** Opening Supplied data block **

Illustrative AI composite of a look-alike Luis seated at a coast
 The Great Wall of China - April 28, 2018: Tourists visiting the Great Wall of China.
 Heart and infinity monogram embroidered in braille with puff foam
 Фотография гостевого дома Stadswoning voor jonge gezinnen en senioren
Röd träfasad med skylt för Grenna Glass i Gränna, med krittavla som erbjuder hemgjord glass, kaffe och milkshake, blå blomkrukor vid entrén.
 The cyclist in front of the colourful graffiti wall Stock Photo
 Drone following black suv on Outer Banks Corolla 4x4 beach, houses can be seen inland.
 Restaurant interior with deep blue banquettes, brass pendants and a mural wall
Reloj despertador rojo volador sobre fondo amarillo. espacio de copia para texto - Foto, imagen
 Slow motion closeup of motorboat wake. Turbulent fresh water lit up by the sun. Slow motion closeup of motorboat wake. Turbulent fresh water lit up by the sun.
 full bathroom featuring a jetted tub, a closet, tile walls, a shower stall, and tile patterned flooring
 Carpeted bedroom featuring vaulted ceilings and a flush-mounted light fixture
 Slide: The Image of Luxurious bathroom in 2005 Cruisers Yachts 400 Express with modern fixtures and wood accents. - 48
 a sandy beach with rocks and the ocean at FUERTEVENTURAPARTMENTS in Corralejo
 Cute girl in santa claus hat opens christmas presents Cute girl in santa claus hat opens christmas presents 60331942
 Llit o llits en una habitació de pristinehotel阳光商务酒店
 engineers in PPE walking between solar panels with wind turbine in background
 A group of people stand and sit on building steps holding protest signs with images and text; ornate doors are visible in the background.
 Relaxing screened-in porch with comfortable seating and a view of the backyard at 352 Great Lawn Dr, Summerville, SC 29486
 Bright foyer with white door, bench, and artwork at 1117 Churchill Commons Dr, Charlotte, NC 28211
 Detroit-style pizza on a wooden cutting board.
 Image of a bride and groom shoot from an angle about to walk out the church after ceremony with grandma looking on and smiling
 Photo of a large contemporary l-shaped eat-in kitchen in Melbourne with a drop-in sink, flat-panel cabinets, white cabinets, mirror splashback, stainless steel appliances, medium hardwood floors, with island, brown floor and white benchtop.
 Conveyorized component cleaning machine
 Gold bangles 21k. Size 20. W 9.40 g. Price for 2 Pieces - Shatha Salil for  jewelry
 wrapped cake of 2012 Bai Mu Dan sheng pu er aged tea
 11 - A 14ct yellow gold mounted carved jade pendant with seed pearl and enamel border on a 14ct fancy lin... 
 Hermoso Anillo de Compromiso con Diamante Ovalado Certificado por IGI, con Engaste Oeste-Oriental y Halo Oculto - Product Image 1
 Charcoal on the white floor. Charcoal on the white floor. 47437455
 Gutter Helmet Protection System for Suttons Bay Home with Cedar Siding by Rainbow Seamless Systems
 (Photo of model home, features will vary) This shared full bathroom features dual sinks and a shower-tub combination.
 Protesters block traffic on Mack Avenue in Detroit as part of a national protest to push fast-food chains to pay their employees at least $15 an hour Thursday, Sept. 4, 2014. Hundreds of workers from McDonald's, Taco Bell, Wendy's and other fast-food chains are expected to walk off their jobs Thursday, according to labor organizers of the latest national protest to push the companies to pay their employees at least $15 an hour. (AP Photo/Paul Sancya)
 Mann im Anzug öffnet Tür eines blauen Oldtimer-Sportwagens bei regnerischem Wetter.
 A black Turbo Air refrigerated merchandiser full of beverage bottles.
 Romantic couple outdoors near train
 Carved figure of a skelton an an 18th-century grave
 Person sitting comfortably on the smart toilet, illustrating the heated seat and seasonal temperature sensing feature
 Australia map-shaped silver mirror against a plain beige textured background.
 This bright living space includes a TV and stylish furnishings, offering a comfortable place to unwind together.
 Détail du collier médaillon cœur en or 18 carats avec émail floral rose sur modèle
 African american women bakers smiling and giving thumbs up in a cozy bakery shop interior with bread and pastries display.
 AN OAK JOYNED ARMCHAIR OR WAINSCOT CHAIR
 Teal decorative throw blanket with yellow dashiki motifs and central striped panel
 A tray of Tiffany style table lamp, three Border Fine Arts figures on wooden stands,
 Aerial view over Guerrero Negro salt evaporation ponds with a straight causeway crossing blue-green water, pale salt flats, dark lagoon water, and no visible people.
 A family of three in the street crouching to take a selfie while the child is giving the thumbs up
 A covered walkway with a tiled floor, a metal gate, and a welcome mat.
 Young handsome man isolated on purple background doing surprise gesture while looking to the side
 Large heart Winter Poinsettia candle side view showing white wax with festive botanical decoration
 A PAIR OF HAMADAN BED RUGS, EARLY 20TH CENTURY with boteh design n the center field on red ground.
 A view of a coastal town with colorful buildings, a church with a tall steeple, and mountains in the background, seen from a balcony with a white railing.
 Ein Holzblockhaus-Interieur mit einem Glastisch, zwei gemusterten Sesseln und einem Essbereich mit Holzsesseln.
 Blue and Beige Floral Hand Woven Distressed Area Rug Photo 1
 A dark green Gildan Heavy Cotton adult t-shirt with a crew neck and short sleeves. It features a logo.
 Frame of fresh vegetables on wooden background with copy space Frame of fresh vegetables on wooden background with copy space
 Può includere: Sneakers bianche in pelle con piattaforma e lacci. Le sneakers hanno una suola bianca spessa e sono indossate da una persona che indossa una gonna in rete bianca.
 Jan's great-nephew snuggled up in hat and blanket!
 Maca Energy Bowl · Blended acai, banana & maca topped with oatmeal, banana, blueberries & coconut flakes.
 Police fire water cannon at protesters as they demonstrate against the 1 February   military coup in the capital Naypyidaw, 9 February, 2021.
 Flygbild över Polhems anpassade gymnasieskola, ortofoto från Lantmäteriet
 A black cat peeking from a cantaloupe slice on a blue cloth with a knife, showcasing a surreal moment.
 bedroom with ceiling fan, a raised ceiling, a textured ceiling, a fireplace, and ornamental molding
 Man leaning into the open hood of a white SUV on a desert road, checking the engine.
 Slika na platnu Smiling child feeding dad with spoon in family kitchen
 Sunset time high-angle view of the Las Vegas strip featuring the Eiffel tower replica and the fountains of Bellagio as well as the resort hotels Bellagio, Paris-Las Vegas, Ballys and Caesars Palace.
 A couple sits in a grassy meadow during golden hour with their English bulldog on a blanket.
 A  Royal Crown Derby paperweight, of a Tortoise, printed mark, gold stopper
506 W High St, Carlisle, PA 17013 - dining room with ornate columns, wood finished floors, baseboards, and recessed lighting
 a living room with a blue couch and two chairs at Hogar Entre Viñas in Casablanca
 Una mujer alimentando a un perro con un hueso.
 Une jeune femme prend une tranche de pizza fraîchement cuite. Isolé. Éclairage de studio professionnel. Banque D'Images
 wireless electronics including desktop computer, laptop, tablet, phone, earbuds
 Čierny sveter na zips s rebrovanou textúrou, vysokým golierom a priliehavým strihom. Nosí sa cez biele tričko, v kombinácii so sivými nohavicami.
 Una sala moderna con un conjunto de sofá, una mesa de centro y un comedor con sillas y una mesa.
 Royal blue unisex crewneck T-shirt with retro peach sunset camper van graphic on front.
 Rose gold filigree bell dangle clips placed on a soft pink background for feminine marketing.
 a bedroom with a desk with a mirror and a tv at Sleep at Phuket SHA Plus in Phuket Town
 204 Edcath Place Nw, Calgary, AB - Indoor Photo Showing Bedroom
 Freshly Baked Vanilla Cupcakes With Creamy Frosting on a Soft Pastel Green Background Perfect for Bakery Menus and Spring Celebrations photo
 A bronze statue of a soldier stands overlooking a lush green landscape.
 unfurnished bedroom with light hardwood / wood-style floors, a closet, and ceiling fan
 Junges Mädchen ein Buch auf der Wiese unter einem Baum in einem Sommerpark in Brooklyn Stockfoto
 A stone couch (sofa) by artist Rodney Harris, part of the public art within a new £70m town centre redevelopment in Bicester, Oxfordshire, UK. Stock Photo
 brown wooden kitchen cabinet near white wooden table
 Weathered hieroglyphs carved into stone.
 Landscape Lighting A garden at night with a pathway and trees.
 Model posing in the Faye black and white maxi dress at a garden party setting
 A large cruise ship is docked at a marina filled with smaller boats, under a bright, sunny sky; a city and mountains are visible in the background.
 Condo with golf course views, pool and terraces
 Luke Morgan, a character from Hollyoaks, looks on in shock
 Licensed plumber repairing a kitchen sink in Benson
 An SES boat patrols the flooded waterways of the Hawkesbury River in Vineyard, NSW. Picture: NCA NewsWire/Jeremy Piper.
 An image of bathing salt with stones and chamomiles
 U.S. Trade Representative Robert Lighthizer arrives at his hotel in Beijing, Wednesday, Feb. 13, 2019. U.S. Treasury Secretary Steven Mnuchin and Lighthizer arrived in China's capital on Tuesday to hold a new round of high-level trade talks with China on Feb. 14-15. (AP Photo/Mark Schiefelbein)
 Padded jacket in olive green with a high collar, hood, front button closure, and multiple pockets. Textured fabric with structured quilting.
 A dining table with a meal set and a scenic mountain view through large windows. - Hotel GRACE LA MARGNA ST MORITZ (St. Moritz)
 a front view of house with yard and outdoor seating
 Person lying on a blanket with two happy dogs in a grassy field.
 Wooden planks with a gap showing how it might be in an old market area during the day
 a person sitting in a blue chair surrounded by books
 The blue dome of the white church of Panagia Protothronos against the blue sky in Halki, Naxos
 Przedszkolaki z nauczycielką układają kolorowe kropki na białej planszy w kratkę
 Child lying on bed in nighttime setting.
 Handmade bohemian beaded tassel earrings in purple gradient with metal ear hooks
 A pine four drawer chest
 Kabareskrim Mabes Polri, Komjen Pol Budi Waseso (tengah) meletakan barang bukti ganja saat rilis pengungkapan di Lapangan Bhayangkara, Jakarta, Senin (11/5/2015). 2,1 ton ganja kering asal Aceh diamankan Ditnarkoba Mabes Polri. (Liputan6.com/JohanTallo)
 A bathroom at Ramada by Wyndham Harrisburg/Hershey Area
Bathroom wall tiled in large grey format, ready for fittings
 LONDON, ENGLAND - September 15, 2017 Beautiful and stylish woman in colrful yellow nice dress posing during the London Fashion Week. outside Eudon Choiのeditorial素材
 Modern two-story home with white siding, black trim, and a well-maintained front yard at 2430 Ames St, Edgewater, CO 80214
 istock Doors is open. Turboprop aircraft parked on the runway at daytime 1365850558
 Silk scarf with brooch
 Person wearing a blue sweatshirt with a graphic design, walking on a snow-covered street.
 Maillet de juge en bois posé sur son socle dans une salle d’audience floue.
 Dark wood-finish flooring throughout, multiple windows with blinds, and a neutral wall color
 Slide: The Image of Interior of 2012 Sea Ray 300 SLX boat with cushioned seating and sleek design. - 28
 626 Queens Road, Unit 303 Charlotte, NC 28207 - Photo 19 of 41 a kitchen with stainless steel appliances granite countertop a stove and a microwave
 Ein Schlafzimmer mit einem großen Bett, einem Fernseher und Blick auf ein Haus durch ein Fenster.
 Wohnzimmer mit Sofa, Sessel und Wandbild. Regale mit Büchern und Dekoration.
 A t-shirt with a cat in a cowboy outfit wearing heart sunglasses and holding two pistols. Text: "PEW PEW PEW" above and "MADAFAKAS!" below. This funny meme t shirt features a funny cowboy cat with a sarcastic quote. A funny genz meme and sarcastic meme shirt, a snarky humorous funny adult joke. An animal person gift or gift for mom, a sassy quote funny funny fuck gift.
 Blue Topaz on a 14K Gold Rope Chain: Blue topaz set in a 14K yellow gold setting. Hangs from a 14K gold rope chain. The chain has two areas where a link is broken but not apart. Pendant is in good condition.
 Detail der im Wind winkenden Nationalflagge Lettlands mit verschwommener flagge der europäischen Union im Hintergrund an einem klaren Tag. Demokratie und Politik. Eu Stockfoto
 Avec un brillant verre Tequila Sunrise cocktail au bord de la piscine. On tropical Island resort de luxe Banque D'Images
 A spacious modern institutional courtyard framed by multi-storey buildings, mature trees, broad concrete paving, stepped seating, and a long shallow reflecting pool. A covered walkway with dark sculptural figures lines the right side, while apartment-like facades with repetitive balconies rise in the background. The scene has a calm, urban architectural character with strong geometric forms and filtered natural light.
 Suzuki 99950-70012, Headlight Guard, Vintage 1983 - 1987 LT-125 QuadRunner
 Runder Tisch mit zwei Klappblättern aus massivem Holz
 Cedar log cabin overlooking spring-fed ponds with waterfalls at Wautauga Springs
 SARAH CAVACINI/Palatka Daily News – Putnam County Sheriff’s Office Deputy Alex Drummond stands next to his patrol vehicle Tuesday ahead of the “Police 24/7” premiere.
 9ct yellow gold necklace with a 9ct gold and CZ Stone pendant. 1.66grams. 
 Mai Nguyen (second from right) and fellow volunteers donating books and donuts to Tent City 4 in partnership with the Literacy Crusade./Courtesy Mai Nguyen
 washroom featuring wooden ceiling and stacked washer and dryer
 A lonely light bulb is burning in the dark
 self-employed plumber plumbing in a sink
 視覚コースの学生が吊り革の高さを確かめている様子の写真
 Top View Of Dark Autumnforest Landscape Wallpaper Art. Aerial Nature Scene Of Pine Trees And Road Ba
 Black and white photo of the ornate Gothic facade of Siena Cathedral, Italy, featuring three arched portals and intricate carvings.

** Closing Supplied data block **

Search the entries above for "into". Return every line that has it.

 Man leaning into the open hood of a white SUV on a desert road, checking the engine.
 Weathered hieroglyphs carved into stone.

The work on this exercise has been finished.